Jadi istilah pacaran awalnya bersifat netral
dan wajar. Dia baru akan berubah menjadi positif atau negatif ketika dilakukan
dengan cara tertentu. Eksekusi pacaran itu nantinya yang akan membuat dia
menjadi positif atau negatif.
Layaknya internet, internet itu sifat awalnya
netral. Kita nggak bisa langsung menuduh internet haram, buruk dan sebagainya.

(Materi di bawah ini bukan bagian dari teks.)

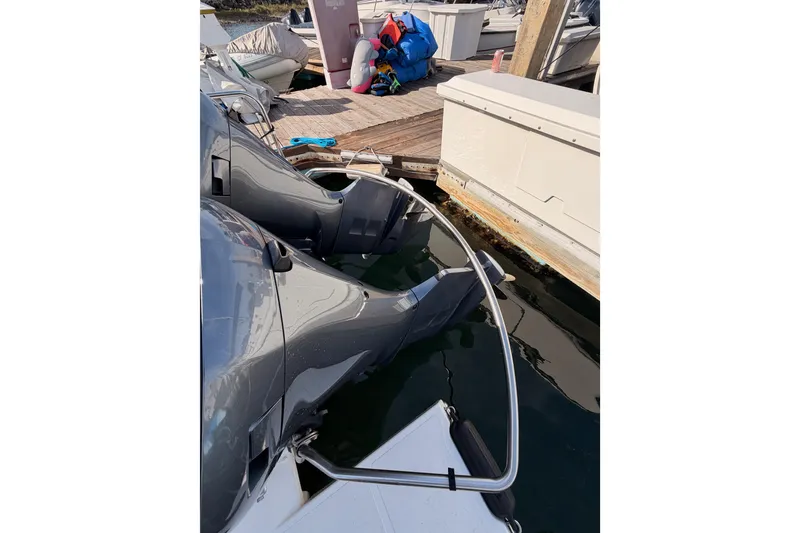 Slide: The Image of 2021 Cutwater C-32 CB boat docked, showcasing spacious deck and modern design. - 15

Tapi kita juga tidak langsung bilang dia baik dan bermanfaat. Semua itu
tergantung dari bagaimana kita memperlakukan internet. Kalau kita menggunakan
internet dengan standar norma yang berlaku dalam suatu negara dan juga agama,
maka internetan kita akan bersifat positif. Tapi jika kita menggunakan internet
tidak mengindahkan dua aturan itu, maka kegiatan internetan kita bisa menjadi
negatif.
Begitu juga pacaran. Dia akan menjadi positif
bila orang yang berpacaran adalah orang yang siap menikah dan ketika pacaran;
ia mematuhi aturan agama dan negara. Dan pacaran akan bersifat negatif jika
orang yang berpacaran adalah orang yang belum siap menikah dan saat berpacaran tidak
mematuhi rambu-rambu yang sudah diatur dalam agama dan negara.
Kesimpulannya:
Jadi pacaran adalah suatu yang wajar, netral,
normal. Karena definisinya adalah untuk mengenal calon pasangan sebelum
menikah. Cara menjalankan pacarannya itulah yang akan membawanya pada makna
negatif dan positif. Pacaran positif: nikahnya siap, pakai aturan agama dan
negara. Pacaran negatif: belum siap nikah, tidak pakai aturan agama dan negara.
Gimana, sudah paham?.
Dokumen Ahmad Yazid |
Pacaran Negatif Merugikan
Cewek.
Oke, sekarang kita bahas kerugian dari pacaran
negatif (belum siap nikah dan tidak pakai aturan agama dan negara) dari sisi
cewek.
***
Saya heran, mengapa ada cewek yang mau
menjalani pacaran negatif sama seorang cowok yang belum jelas kapan nikahnya
dan ketika pacaran tidak mematuhi aturan agama dan negara?.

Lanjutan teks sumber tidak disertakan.